● **TASK INSTRUCTIONS**: Down to the last line below, write out every line exactly, starting with the one that contains "Supreme Corduroy S" and leaving out the pictures.
━━ PROVIDED INFORMATION
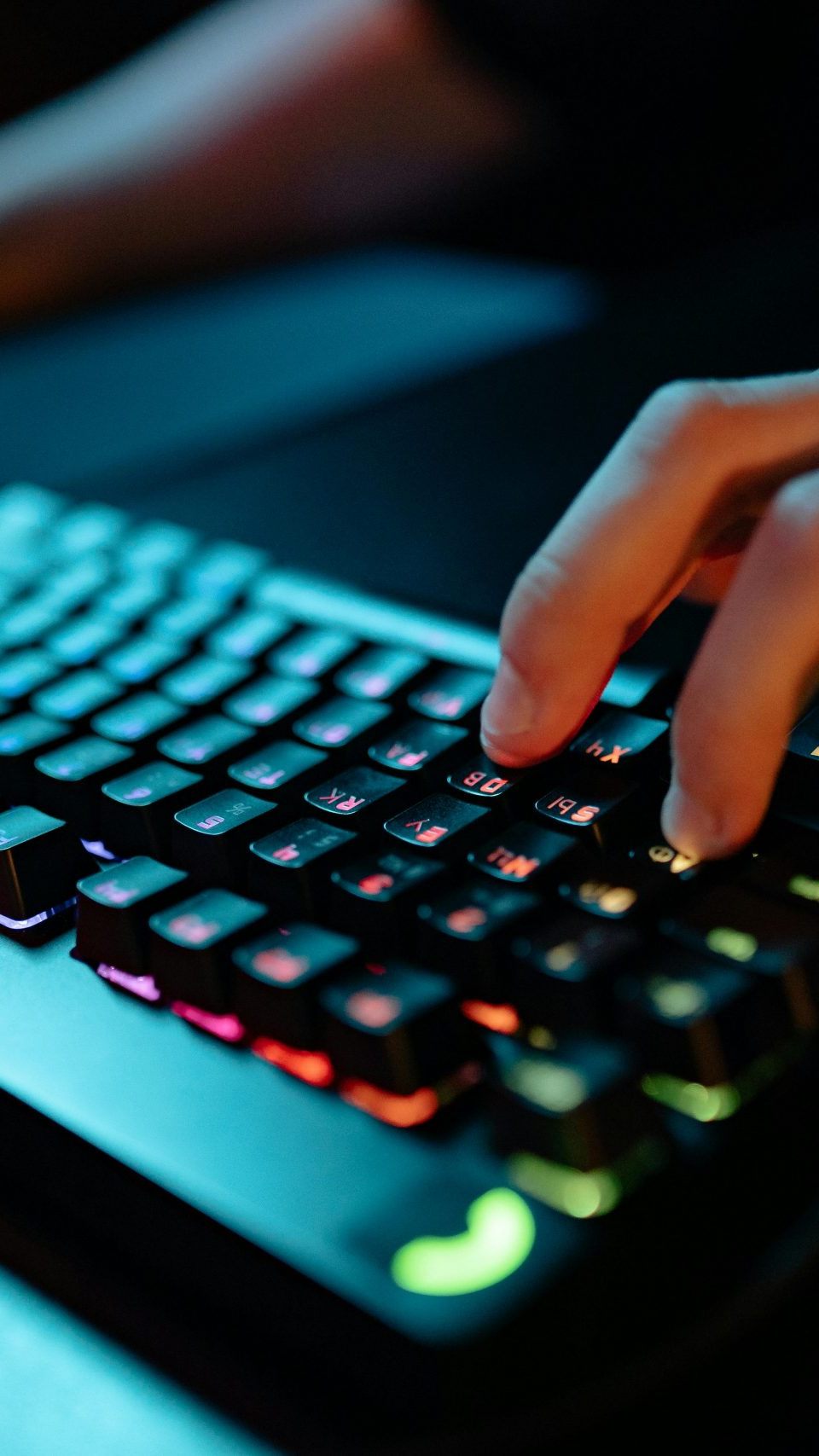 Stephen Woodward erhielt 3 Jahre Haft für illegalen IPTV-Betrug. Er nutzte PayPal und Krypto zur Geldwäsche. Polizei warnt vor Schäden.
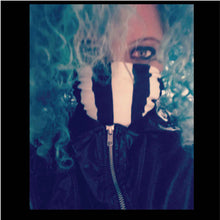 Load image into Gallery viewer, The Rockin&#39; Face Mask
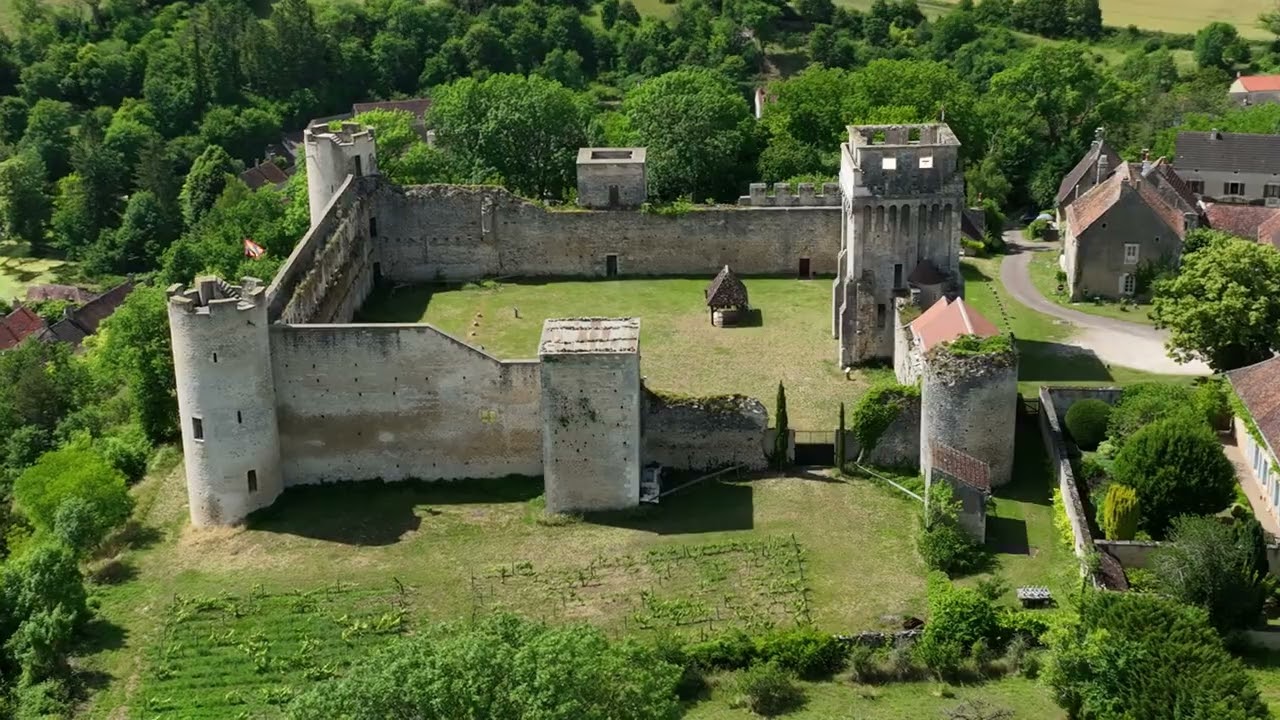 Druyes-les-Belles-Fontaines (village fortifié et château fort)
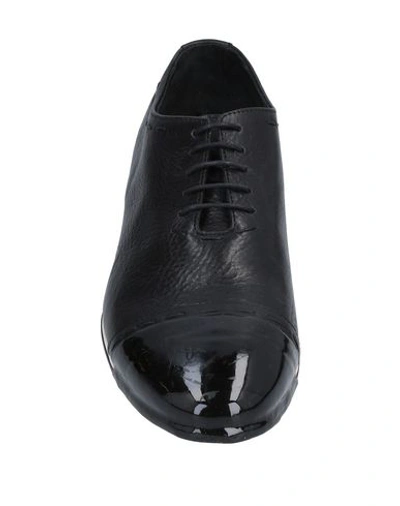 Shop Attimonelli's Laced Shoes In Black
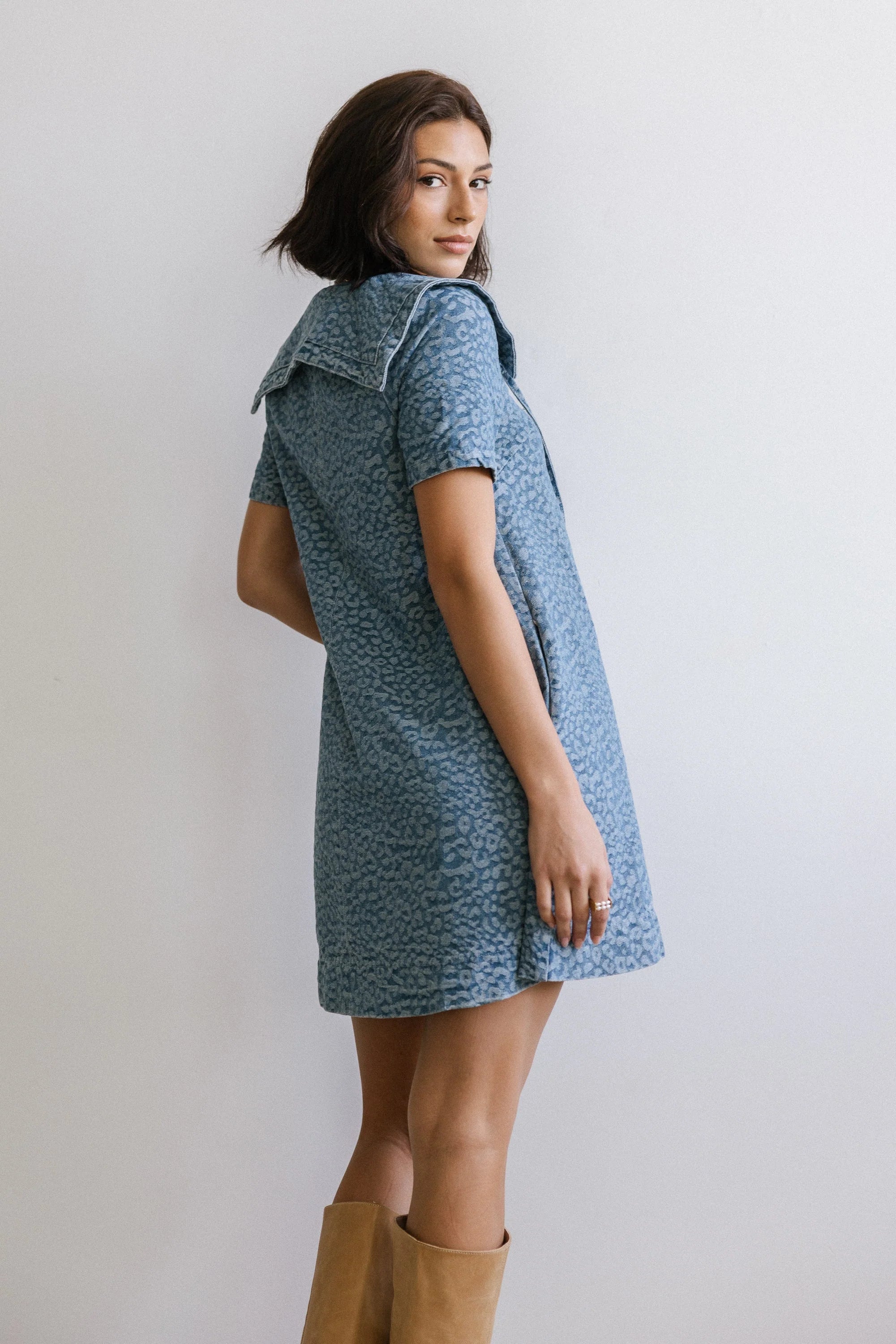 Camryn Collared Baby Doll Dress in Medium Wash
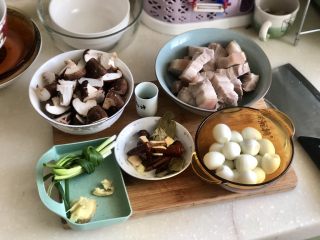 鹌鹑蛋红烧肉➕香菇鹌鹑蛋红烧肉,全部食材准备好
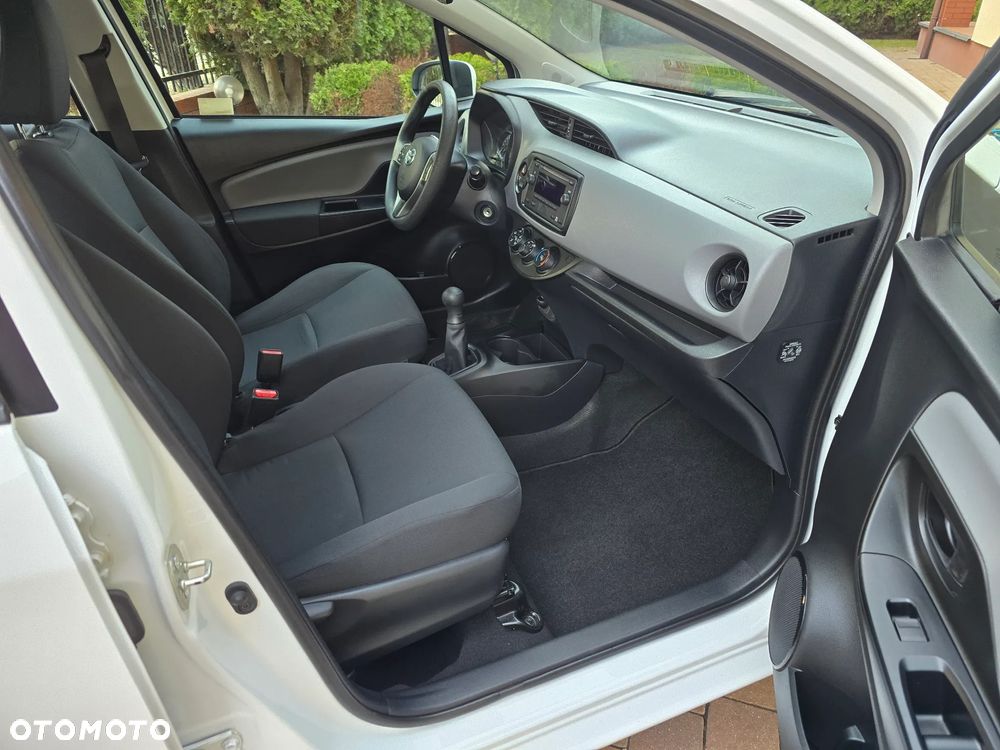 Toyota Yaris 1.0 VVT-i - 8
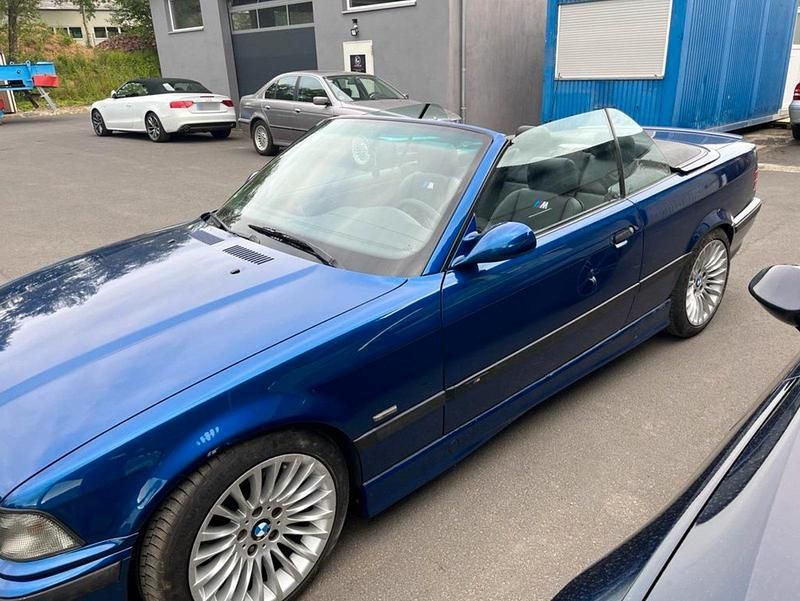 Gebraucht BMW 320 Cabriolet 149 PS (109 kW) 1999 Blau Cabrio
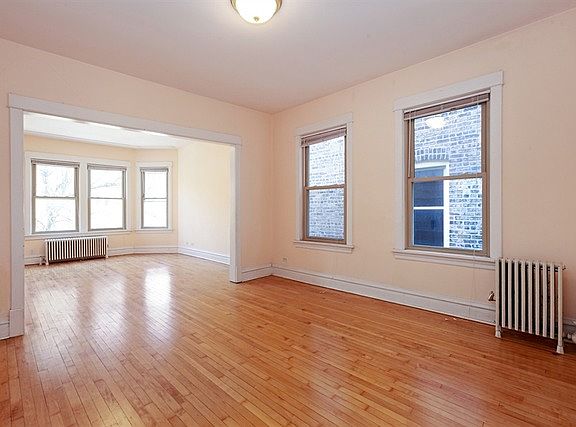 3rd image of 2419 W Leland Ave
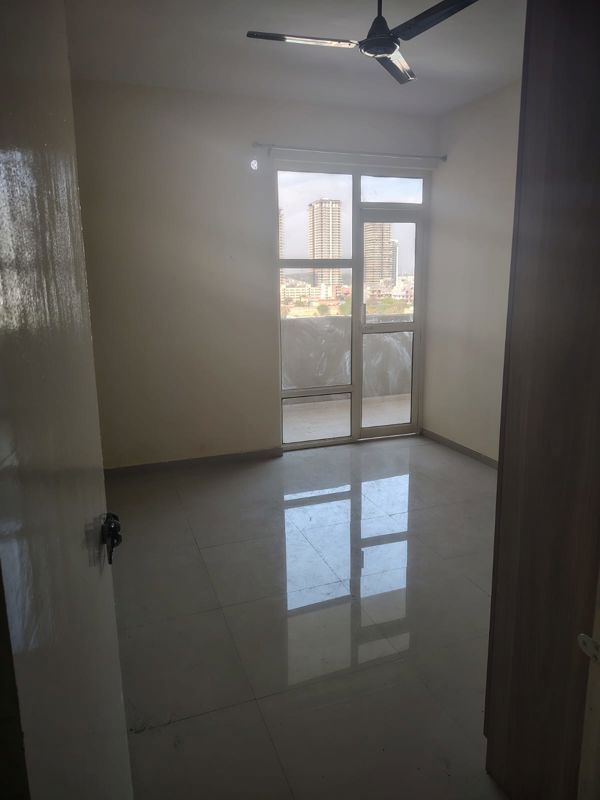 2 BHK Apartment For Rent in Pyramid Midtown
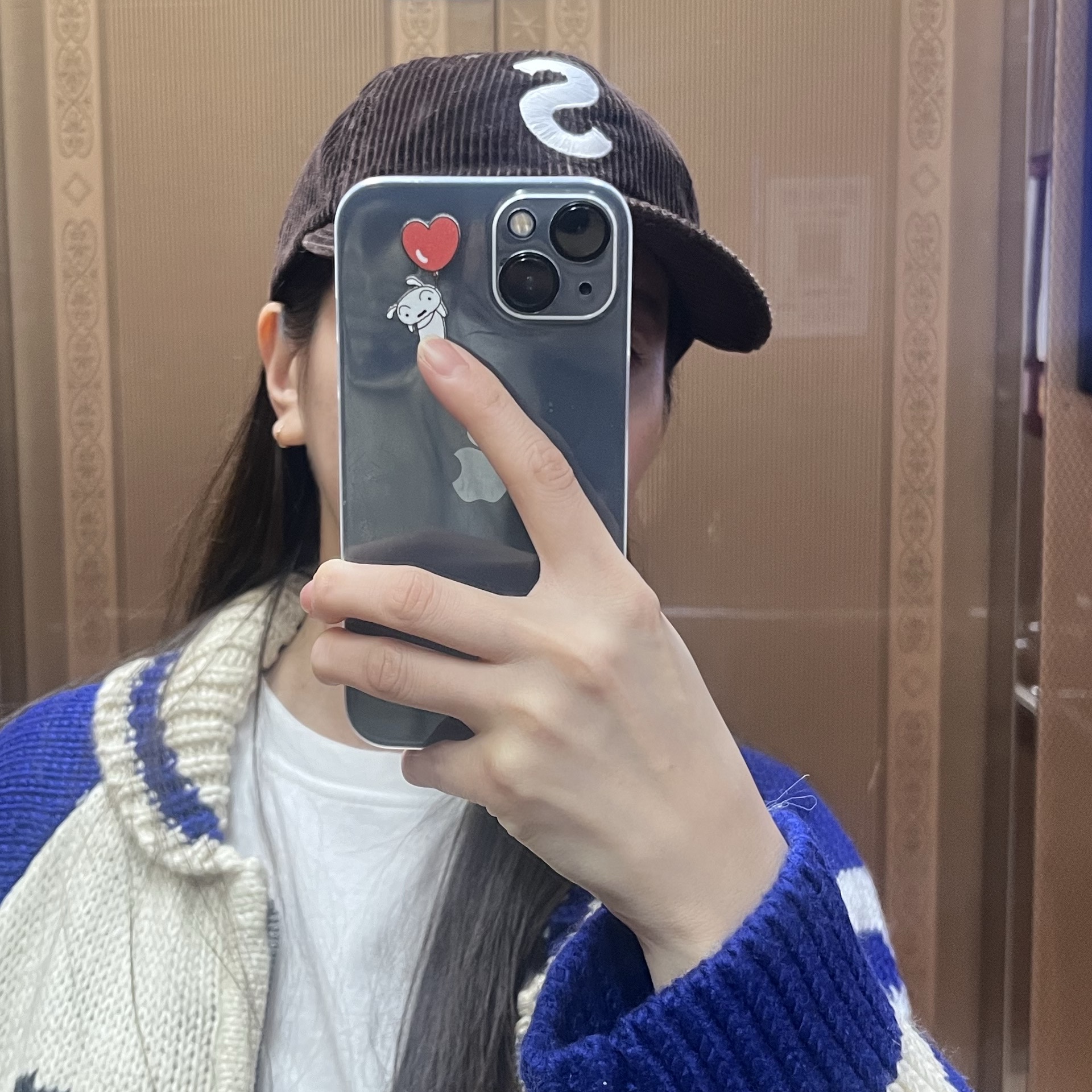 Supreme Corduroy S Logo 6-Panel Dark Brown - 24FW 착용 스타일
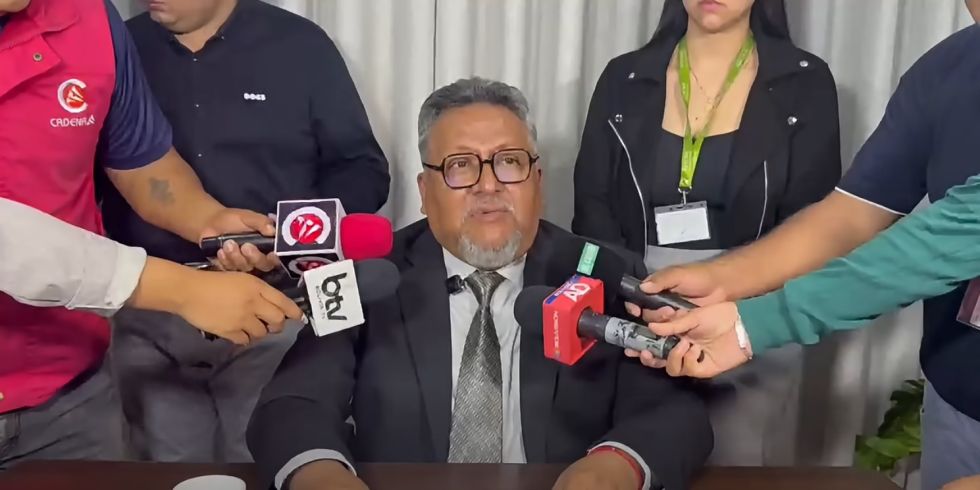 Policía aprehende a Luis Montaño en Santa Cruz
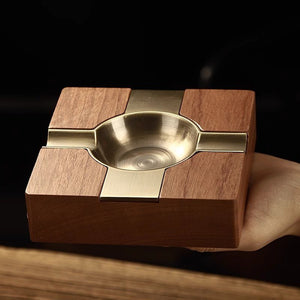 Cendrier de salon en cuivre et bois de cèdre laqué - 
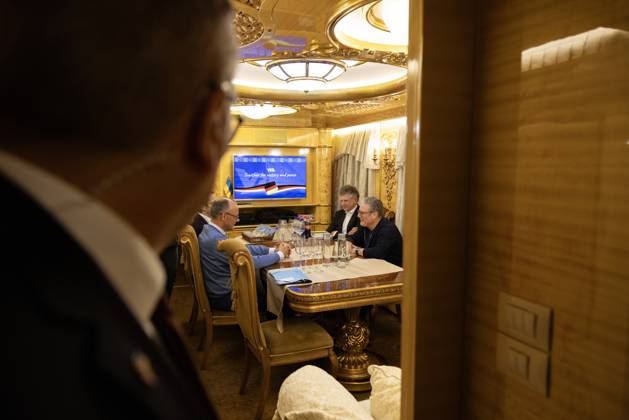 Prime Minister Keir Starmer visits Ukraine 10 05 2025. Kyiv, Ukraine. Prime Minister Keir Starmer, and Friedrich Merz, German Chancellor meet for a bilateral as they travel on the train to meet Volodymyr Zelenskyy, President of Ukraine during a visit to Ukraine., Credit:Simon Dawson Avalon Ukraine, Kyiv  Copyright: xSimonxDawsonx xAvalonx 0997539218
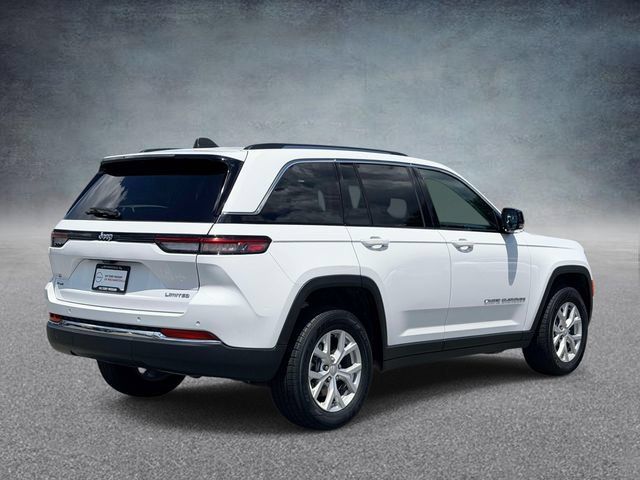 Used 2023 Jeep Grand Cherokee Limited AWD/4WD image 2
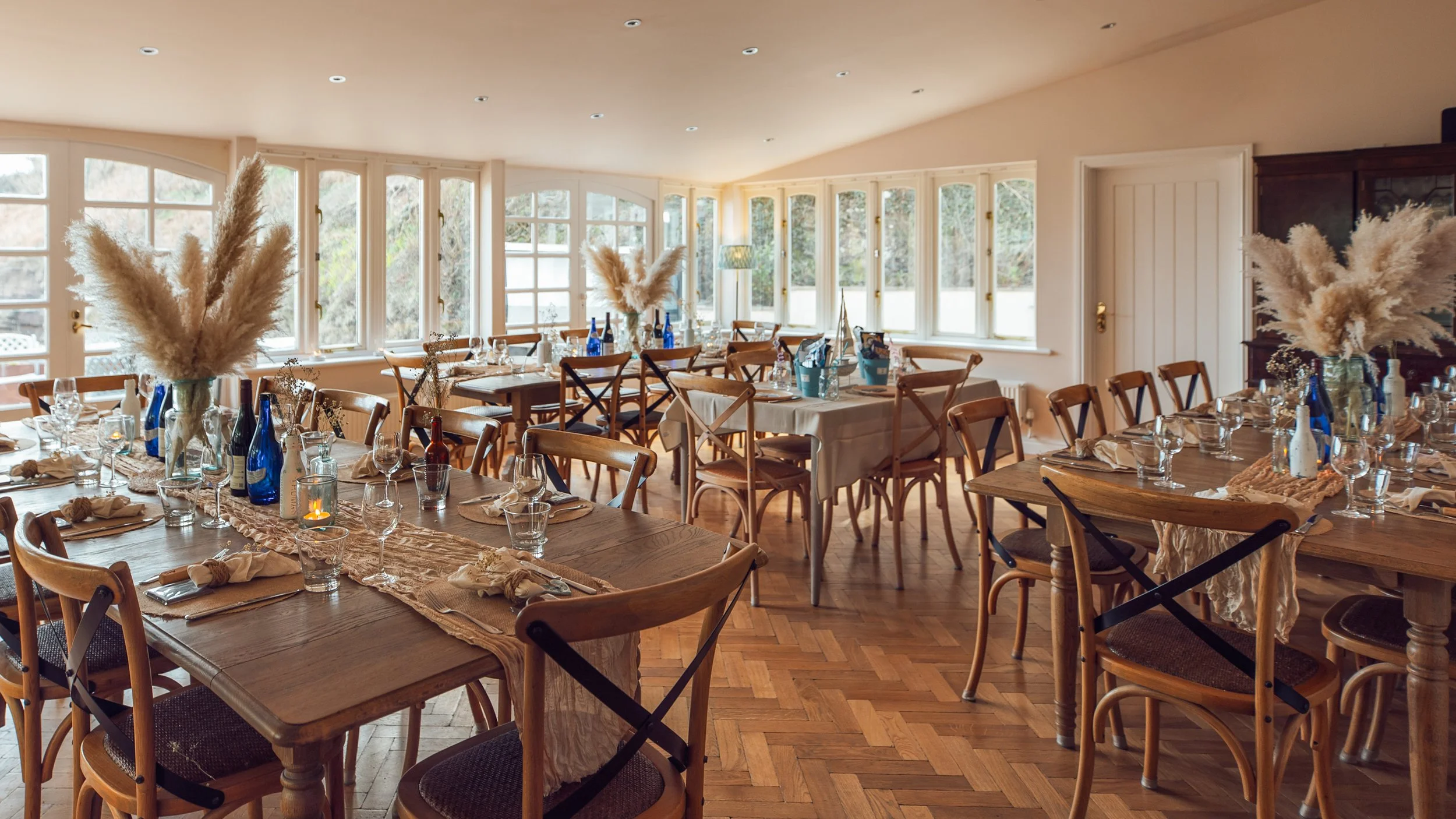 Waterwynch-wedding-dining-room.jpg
━━━━
● **SOLUTION TO THE PROBLEM**:
 Supreme Corduroy S Logo 6-Panel Dark Brown - 24FW 착용 스타일
 Policía aprehende a Luis Montaño en Santa Cruz
 Cendrier de salon en cuivre et bois de cèdre laqué - 
 Prime Minister Keir Starmer visits Ukraine 10 05 2025. Kyiv, Ukraine. Prime Minister Keir Starmer, and Friedrich Merz, German Chancellor meet for a bilateral as they travel on the train to meet Volodymyr Zelenskyy, President of Ukraine during a visit to Ukraine., Credit:Simon Dawson Avalon Ukraine, Kyiv  Copyright: xSimonxDawsonx xAvalonx 0997539218
 Used 2023 Jeep Grand Cherokee Limited AWD/4WD image 2
 Waterwynch-wedding-dining-room.jpg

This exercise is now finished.